INPUT DATA ::
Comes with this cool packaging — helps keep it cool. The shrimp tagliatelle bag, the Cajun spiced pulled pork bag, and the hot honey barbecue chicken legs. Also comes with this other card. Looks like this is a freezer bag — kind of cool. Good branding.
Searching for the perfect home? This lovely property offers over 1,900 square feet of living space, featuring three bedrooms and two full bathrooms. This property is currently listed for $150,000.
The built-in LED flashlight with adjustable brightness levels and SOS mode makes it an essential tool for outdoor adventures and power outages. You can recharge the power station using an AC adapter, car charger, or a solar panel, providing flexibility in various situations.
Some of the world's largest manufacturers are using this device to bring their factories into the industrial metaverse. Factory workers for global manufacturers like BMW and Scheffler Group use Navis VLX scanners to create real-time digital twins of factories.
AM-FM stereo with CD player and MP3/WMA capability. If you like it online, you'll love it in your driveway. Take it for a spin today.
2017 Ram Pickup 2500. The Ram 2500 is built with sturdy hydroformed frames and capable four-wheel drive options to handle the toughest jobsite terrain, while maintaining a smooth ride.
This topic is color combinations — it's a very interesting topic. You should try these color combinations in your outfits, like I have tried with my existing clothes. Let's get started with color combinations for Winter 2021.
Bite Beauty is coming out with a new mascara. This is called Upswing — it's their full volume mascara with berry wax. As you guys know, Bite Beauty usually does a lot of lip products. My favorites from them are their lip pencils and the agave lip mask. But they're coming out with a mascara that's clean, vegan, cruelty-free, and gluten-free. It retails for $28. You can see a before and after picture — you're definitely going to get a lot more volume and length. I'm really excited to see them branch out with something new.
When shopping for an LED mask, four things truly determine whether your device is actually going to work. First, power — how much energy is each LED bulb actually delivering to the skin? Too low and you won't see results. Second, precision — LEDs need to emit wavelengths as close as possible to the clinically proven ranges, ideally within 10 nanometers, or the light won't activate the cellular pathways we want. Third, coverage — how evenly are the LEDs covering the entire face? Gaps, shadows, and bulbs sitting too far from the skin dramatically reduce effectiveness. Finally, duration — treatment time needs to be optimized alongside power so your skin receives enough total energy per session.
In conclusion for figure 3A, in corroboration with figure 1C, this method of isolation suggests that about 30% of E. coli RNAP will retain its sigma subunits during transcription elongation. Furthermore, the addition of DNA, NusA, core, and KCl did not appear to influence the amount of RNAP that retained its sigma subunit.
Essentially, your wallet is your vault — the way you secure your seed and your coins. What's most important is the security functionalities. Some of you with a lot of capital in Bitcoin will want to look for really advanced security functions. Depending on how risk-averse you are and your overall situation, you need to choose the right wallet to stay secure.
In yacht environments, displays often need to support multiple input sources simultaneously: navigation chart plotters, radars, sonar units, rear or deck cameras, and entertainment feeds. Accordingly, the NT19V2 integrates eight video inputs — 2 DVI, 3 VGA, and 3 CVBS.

YOUR TASK :: For each line above that contains "built", make a copy.

TASK RESULT ::
The built-in LED flashlight with adjustable brightness levels and SOS mode makes it an essential tool for outdoor adventures and power outages. You can recharge the power station using an AC adapter, car charger, or a solar panel, providing flexibility in various situations.
2017 Ram Pickup 2500. The Ram 2500 is built with sturdy hydroformed frames and capable four-wheel drive options to handle the toughest jobsite terrain, while maintaining a smooth ride.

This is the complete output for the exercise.